Posts / technology

Token Champions and the AI Cargo Cult


Someone posted recently about their company running a leaderboard tracking AI token usage. Top 25 users got called “Champions.” People who barely used it were labelled “Sleepers.” The champions had collectively burned through $850,000 since January first.

It took me a minute to fully absorb that.

The kicker is that the Sleeper who posted about it seemed genuinely worried about being at the bottom of the list. Not because they were less productive. Just because they weren’t spending enough of the company’s money on an AI that may or may not have been doing anything useful.

I’ve spent a fair chunk of my career in DevOps. I’ve watched a lot of technology trends roll through organisations like a tide, depositing hype on the shore and then quietly pulling back. But there’s something different about this one. The sheer confidence with which non-technical leadership has decided they understand what AI can do, and more importantly, what it should be used for, is genuinely something to behold.

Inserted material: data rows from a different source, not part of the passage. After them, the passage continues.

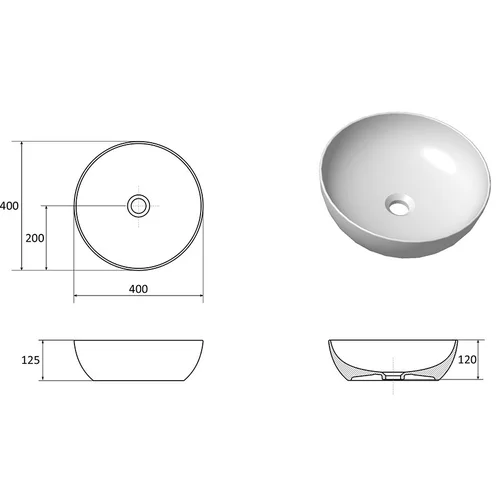 RAVAK UNI 400 Keraminis praustuvas, 40 cm image 2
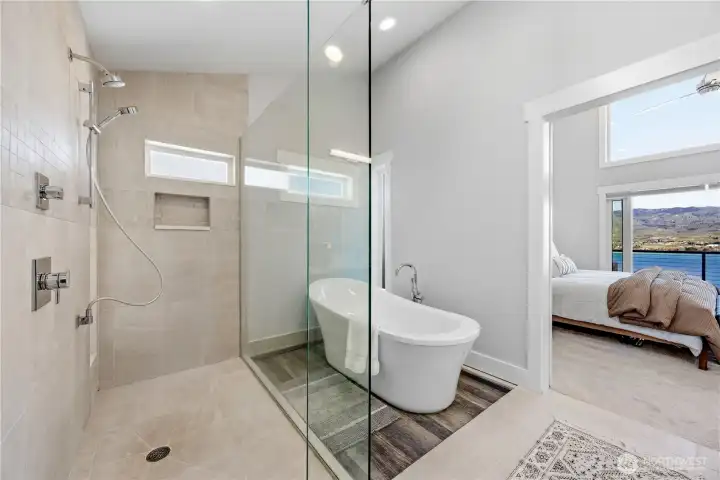 Primary Ensuite shower and tub.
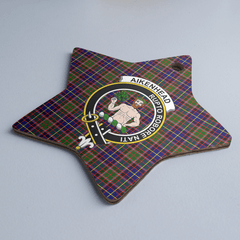 Clan Aikenhead Tartan Crest Star Ceramic Ornament OF72 Aikenhead Tartan Tartan Christmas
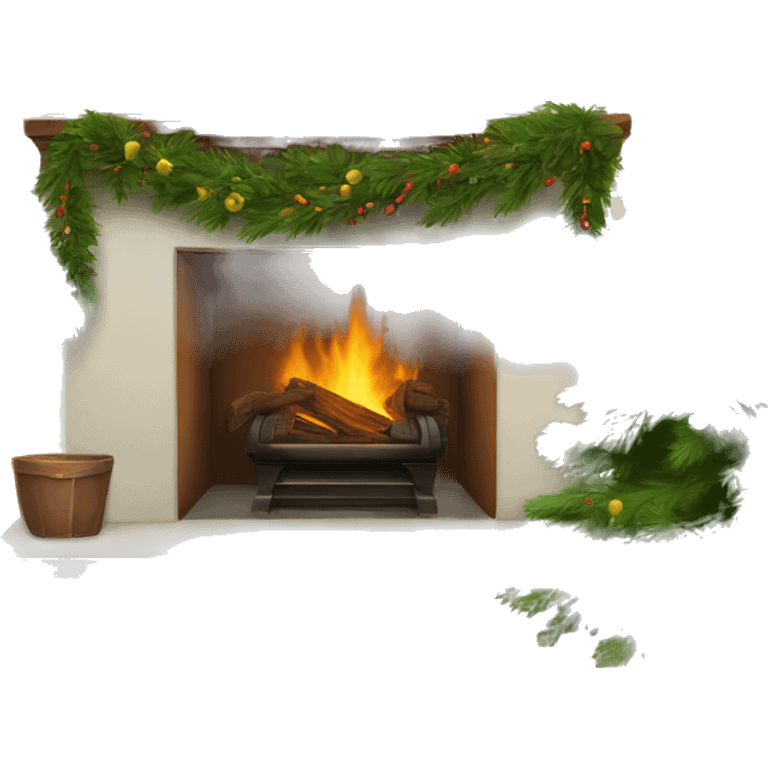 Brown fireplace with Norfolk pine garland emoji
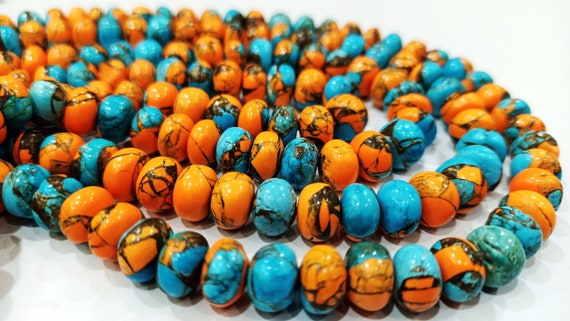 Natural Carnelian and Copper Turquoise Gemstone Rondelle Plain Smooth 8mm  Beads Sold per Strand 8 Inches Long Great Quality beads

There’s a thread of comments from people in IT describing situations where management pushed AI solutions for problems that already had perfectly good solutions. Monitoring scripts. Process automation. Error handling. Stuff that’s been solved, reliably and cheaply, since roughly the Clinton administration. One person pointed out that a daemon is a concept from early Unix. You set it, it watches things, it screams at you when something breaks. It does not hallucinate. It does not accidentally decide that a crashed service is actually fine. It does not bill you per query.

The response from management, apparently, is still: “But can we use AI for it?”

I sat with that for a while because I wanted to be fair about it. Maybe some of this is just the natural lag between leadership and technical teams on any new technology. That’s always existed. And frankly, some AI tools are genuinely useful. I’ve used them. Not everything being pushed is cargo cult nonsense.

But there’s a specific flavour of stupid happening right now that feels different. Companies rolling out AI tools company-wide, mandating usage, building leaderboards, and then being surprised when the bill arrives. One person described their workplace hitting its monthly token limit on the second day of the month. Another described migrating four thousand VMs to AWS to cut costs, only to watch the bill nearly double, and now the same leadership is enthusiastic about AI.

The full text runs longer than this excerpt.